The World Social Forum 2005 started off with a loud boom — lots of really loud booms, actually, coming from the seemingly hundreds of drummers everywhere leading the hundred thousand or so marchers through the streets of Porto Alegre toward the main outdoor amphitheater for the opening ceremony of the Forum. It’s only day one and I’m already exhausted, sunburnt, and exhilarated by everything.
Here’s my journal notes from yesterday, the first day of the World Social Forum in Porto Alegre:
[1:28pm, Porto Alegre.] I’m in the middle of a huge crowd getting ready to march from the Central Market to the main outdoor amphitheater. The sun is really really hot, and I can feel my skin burning, so I am hiding under a stage in the shade.
I spent much of today trying to get the programme of events for this week. That in itself was quite a trial. I first queued up at 9am outside the main information booth outside the Usina de Gasometro, an old converted factory by the waterfront. But a volunteer announced they wouldn’t be ready until 10am, so I left for a walk. After coming back an hour later, the line outside the main information booth was totally out of control, snaking around and around like an enormous conga line. I gave up after 30 minutes and headed toward the other conference areas.
After enduring three other long lines, and finding the programmes disappear just as I arrived at the front, I finally got the precious programme. I jumped up and down and kissed it.

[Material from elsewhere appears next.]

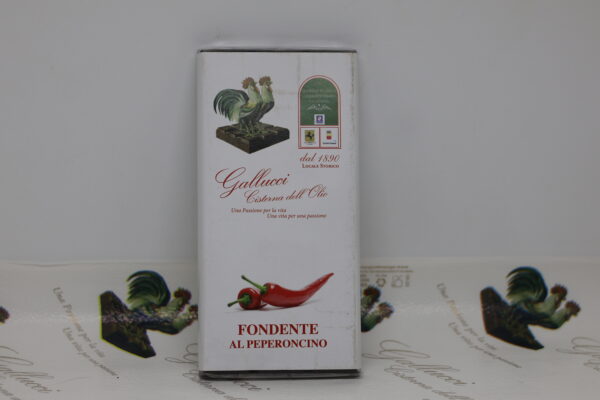 TAVOLETTA  PEPERONCINO FONDENTE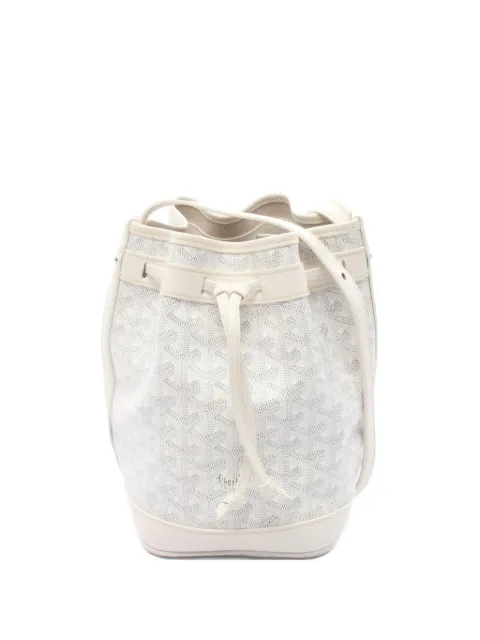 Goyard Pre-Owned 2010s Petit Flot canvas bucket-tas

Later I ducked into a cafe and began reading the valuminous, newsprint two-volume programme of events. I found out that is is divided into nine thematic areas, and then by times. I got to the end of the nine themes in about an hour of reading, circling the events I was interested in. I thought to myself, well that doesn’t seem so bad. I had only circled about 11 meetings, within a whole week of events.
Then I realized that I had only gotten through the FIRST DAY of the conference. Wow.
Eventually I got through the entire programme, and the supplemental cultural and youth programmes, as well as an addendum of corrections. Not a good place for someone with Fear of Missing Something Syndrome (FOMSS.)
I took a stroll through the Youth Camp, which is by far the largest section of the whole World Social Forum. There are seemingly thousands of young people camped out with their pup tents in one enormous area. The place smells of sweat, ganga and garbage already. There are common, co-ed outdoor shower facilities. As I imagined, there is lots of tie-dye, beads, drum circles, and baggy pants. Ah, youth.
There’s a DJ set up nearby the central square where I am now. Some breakdancers are throwing down, and doing a good job of it from what I can see. Given the Capoeira tradition of Brazil, it’s not surprising that these kids know how to spin and fly. I could be in Times Square.
The drums are starting up, which means we are probably going to start marching soon. Once we get to the amphitheater, the opening ceremony will begin. Time to pack up….
[9:00pm] I ducked into a shopping mall, ironically enough, to rest up from the miles of marching in the hot sun and find some ice cream. The mall did not disappoint, and I am enjoying a tasty pistachio-dolce de leite double scoop.
My ears are still throbbing from the seemingly hundreds of Brazilian drummers who inspired the hundred thousand marchers in the streets of Porto Alegre this afternoon… and still going. The incredible diversity and inspired madness of the demonstrators from all over the world was mind-boggling, everyone clearly having a great time along with spreading their thousands of messages.
Whether all of this leads up toward any substantive change, I can’t say. But the thousands upon thousands of activists here certainly seem passionate enough and energetic enough to make real the vision of “another world is possible.”
It reminds me of a favorite quote from Texan liberal commentator Molly Ivins who wrote, “You aren’t always going to win, so you might as well have fun along the way.”